Sitting on top of a huge US$3.7 trillion of foreign reserves, it should have been in a position to enforce any given foreign exchange rate that it wants to have.
So abandoning the peg can only mean that even China is finding it too costly to keep the yuan shadowing the resurgent greenback, which has been bolstered by falling energy prices, a reviving United States economy and the prospect of a hike in interest rates. The fallout has been immediate. Merrill Lynch’s latest fund manager survey shows institutional investors have turned cagey about emerging markets, naming “China recession” risk as the biggest problem on the horizon.
They are also worried about commodities-rich countries which are closely linked to China’s business cycle, as well as markets such as South Korea and Taiwan which have exposure to China through their non-commodity exports.
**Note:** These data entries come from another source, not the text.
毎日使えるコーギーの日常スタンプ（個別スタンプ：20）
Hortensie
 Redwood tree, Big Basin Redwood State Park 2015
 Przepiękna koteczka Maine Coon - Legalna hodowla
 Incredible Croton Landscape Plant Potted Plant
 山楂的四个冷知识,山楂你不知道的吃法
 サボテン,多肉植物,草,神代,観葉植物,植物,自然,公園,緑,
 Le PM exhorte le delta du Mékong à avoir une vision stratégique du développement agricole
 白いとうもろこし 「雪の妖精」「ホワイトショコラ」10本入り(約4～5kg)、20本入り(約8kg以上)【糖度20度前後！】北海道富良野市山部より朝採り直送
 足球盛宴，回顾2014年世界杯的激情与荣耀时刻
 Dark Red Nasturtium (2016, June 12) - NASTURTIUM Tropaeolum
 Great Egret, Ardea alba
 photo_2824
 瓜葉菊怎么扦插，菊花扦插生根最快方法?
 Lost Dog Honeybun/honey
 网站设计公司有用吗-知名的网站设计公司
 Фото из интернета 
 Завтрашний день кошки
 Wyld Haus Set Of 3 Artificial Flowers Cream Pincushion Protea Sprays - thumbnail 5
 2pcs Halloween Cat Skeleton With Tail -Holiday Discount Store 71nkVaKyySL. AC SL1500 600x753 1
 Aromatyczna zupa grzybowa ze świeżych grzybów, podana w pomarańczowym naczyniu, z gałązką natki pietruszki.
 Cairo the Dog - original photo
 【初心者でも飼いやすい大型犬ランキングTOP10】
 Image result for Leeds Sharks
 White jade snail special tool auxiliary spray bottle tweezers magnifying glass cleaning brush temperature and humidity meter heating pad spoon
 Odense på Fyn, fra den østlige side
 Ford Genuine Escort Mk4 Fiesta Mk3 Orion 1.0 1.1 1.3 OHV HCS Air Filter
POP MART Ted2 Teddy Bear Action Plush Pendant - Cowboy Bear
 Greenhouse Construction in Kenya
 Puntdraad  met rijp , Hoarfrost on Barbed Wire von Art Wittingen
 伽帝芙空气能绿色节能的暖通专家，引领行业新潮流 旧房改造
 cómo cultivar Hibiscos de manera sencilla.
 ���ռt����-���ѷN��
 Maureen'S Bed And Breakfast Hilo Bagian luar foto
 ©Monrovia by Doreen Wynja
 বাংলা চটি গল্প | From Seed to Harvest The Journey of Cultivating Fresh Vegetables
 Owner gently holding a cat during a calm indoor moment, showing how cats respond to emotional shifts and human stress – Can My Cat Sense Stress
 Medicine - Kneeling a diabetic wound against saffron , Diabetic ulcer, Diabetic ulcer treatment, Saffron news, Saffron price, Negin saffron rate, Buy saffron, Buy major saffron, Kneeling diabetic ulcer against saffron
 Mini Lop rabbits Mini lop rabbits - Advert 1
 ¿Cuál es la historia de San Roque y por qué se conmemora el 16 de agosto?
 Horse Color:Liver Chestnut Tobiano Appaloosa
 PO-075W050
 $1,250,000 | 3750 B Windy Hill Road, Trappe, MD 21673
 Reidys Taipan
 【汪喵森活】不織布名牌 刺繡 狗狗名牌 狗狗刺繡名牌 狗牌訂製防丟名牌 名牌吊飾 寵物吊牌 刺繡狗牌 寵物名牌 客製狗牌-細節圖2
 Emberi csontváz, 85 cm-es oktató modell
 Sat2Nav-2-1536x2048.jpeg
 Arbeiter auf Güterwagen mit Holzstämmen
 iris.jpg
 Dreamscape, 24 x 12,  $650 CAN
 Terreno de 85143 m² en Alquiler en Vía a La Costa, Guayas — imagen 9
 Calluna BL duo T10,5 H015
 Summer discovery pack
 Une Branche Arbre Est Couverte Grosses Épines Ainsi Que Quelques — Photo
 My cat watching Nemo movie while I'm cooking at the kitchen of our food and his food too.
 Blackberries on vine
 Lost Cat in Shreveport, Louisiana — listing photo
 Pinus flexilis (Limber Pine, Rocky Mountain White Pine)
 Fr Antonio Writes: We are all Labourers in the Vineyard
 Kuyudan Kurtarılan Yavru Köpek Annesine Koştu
The result is a rout in regional stock markets and a wobble in commodities- dependent currencies such as the Malaysian ringgit and the Indonesian rupiah, both of which have fallen to their lowest levels against the U.S. dollar since the depths of the Asian financial crisis in 1998.
For us, however, it is the potential fallout on the interest rates front that we have to be wary of, since many of us are saddled with huge mortgages on our homes.
During the Asian financial crisis, banks here jacked mortgage rates to as high as 7 percent, even though Singapore was a relative oasis of stability amid the financial turmoil in the region, as the Thai baht and the rupiah plummeted.
No doubt, investors have responded to China’s currency intervention by marking down their expectations of a rise in U.S. interest rates next month.
This should offer relief to homeowners fearful of an interest rate hike here, since Singapore interest rates track the U.S. market closely.
But as regional currencies weaken in the wake of Beijing’s so-called devaluation move, this is also causing the Singapore dollar to wobble and investors may demand a higher interest rate as compensation for holding a weaker currency.
Since January, the three-month Singapore interbank offered rate (Sibor), which is used to set interest rates for mortgages, has more than doubled to 0.93825 percent.
Chances are that even without a U.S. interest rate hike, Sibor will face further upward pressure if regional currencies continue to plummet.
Of course, this may just be a case of seasonal volatility.
But it looks like we are in for a bumpy journey with Sibor as regional currencies go on a rollercoaster ride.
Homeowners with big mortgages should pay attention to what the financial markets are telling them.